▶ _Problem requirements_: The records below need to be repeated exactly, though not their pictures.

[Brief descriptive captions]
★ ★ ★ ★ ★ ★ ★

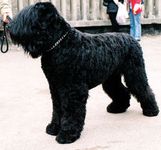 Black Russian Terrier puppies for sale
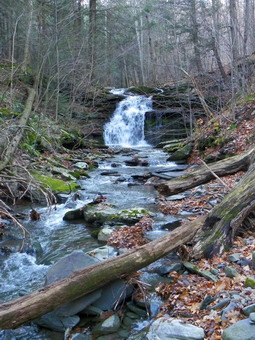 picture taken during a hike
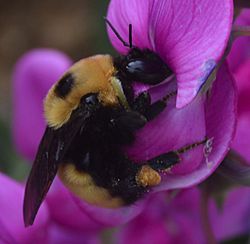 Bombus nevadensis 080115.jpg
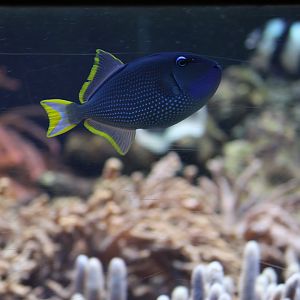 Gilded Triggerfish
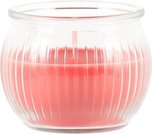 Žvakė stikliniame indelyje tropinių vaisių kvapo Aura 616075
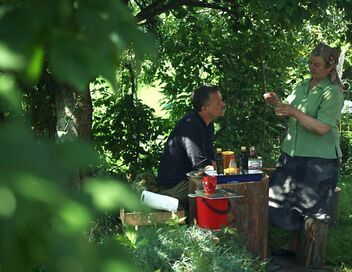 Médecines d'ailleurs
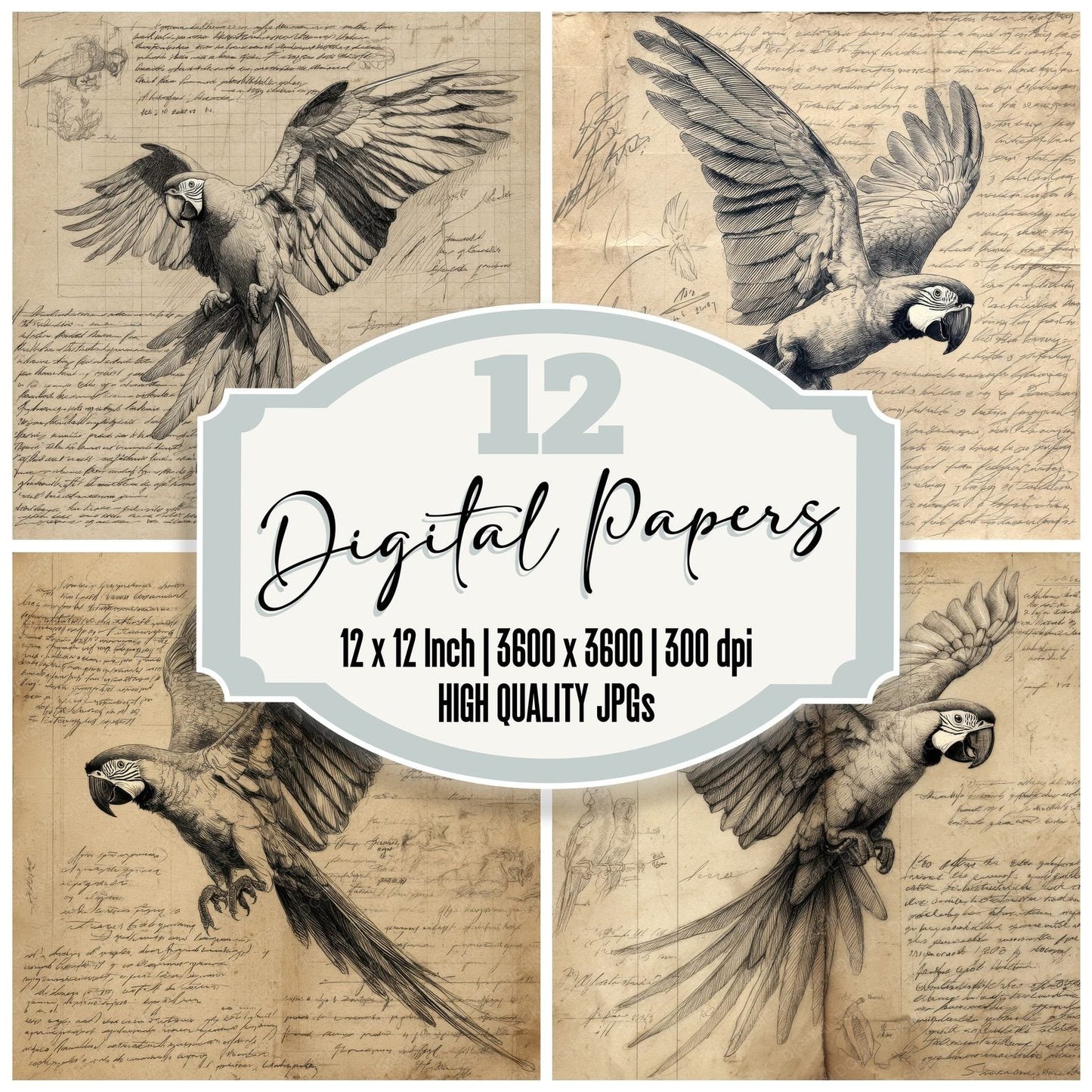 Sketch Macaw Wing Spread Digital Paper Pack (DDD003609)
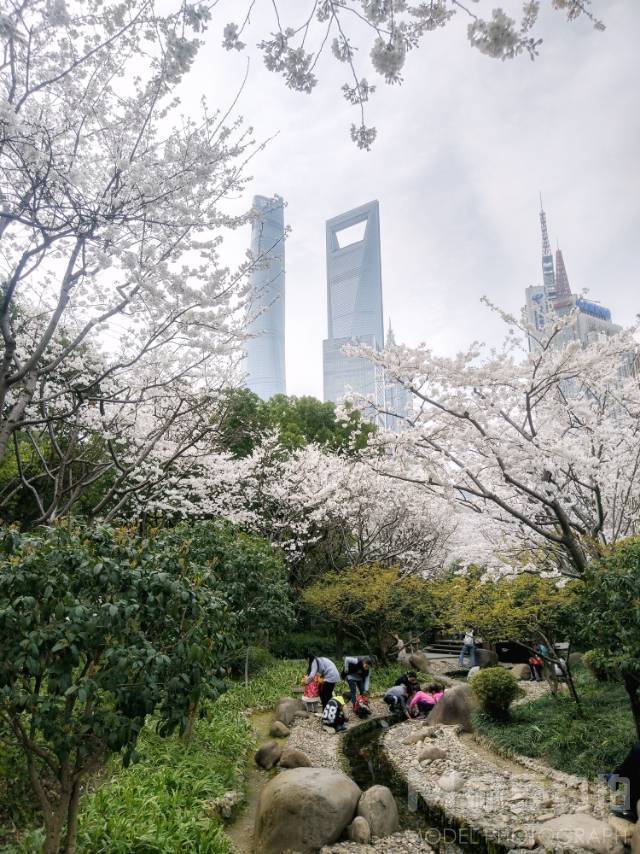 日系模特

★ ★ ★ ★ ★ ★ ★

▶ _Exercise solution_:
 Black Russian Terrier puppies for sale
 picture taken during a hike
 Bombus nevadensis 080115.jpg
 Gilded Triggerfish
 Žvakė stikliniame indelyje tropinių vaisių kvapo Aura 616075
 Médecines d'ailleurs
 Sketch Macaw Wing Spread Digital Paper Pack (DDD003609)
 日系模特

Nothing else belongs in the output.